A large-group split starts from a roster
A large-group split means a gathering of roughly 10 to 30 where, more than the math itself, managing "who's here and who you collected from" takes center stage. Four you can count at the register, but tracking 20 out loud is a stretch. So, rather than waiting for the check on the day, prepare a roster of participants first.
A roster makes two things far easier at once. One is being able to pick "in" or "out" per payment. You can accurately separate later who was only at the first round and who joined from the after-party. The other is that it becomes a collection checklist. Since you can see by name who paid and who hasn't, you don't miss anyone even in a big group. Keep names short and consistent, and if there are many same surnames at work, add first names or initials to prevent double entries too.
Payments are "added by everyone on the spot"
If the organizer holds all the receipts, it breaks down the bigger the group. Extra all-you-can-drink, the after-party check, taxi fares. Collecting them afterward, one will always slip through. Suguwari's live split is a setup where you share the "link everyone can add to" at the start, and whoever fronted money adds their own payment on the spot. Since people enter it the moment they pay, the organizer is freed from being the tally clerk.
Then at the end of the party, someone handles the check. Even, or drinkers pay more. The live participants' screens show the current split, so showing it — "right now the drinkers pay more" — you can get to agreement before people leave. The last few minutes with 30 people face to face are worth far more than 10 back-and-forths in the group chat the next day.
For a big group, two groupings is enough
The more people, the more you want to vary the amount person by person, but hold back there. Chase 30 people's drink counts and you get accuracy in exchange for collecting that never ends. What's practical is splitting into two groupings: drinkers and non-drinkers. Looking at the baseline four and ¥10,000, drinkers are ¥2,805 and non-drinkers ¥2,195, a gap of ¥610.
| Group | Per person |
|---|---|
| Drank | ¥2,805 |
| Didn't drink | ¥2,195 |
This two-way division holds up however many people. You can use it as-is with a split like 12 of 20 drank and 8 didn't. The more non-drinking attendees at a year-end party, the bigger the effect of this one extra step. When you want the finer ways to tilt, see the article on weighted splits.
Funnel the collection through the organizer
The messiest thing with a big group is the flow of transfers. Once each person starts sending to whoever they like, you can't track who paid whom. Funnel the check through the organizer alone and everyone just sends to the organizer, keeping transfers within "number of people minus one" at most. It's a form of settling only the gap between what the organizer fronted and each person's share.
Narrow the receiving methods to one or two. Accepting both cash and a payment app is fine, but line up three payment apps and the places to check scatter. For the deadline, add a non-blaming guide like "within the year" or "this week." For those not yet done, give a short nudge one-on-one rather than to the whole group. This kind of care pays off with a big group.
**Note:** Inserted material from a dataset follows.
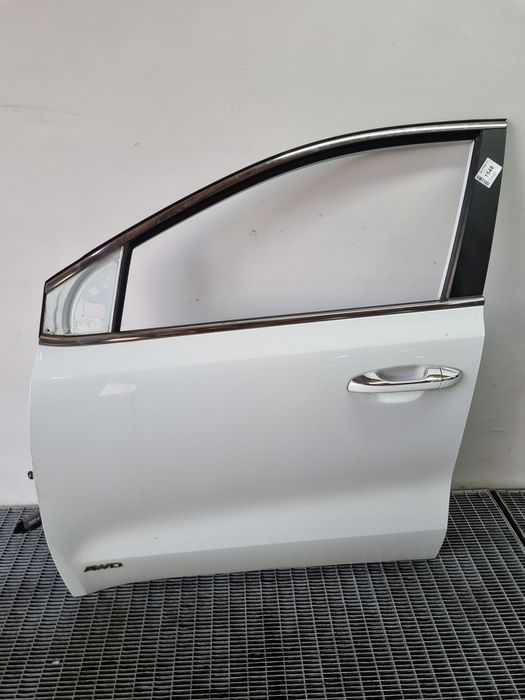 Usa Stanga Fata Kia Sportage IV 2016 - 2018 SUV 4 Usi Casa White Solid WD (1548) Garantie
Same-day and later message templates
Template to send at the close of the party
Thanks for today! The check's sorted. I made the drinkers a bit more and the non-drinkers a bit less. Amounts are below — please send yours to me in one go. A quick sticker once you've sent would help.
Check-in for those not yet done (one-on-one)
Just checking on the year-end party dues. If you haven't yet, whenever you have a free moment within the year. And if you already sent it, sorry for the mix-up!
For a big group, one word in the nudge changes the impression. Write "some people still haven't paid" in front of everyone and anyone who suspects it's them feels awkward. Find the unconfirmed people from the roster and deliver it gently to just them. That's how the person who gets asked to organize again next year does it.
FAQ
How do I finish collecting fast at a big year-end party?
Build a roster of participants first, so on the day all you do is collect. Funnel the check through one person so people don't send to scattered recipients, and transfers come down to "number of people minus one" at most. Using a live split, where everyone adds payments during the party, also cuts the organizer's re-tallying work.
Can I vary the amount person by person even at a 30-person scale?
You can, but for a big group it finishes faster not to get too fine. Splitting into two groupings — drinkers and non-drinkers — is about right for practical use. In the ¥10,000-for-four example, drinkers are ¥2,805 and non-drinkers ¥2,195, a gap of ¥610.
How do I handle same-day cancellations and latecomers?
Since you can pick participants per payment, you can separately calculate people who were only at the after-party or left partway. Put everyone on the roster and remove only those not relevant to that payment, and miscounts go down.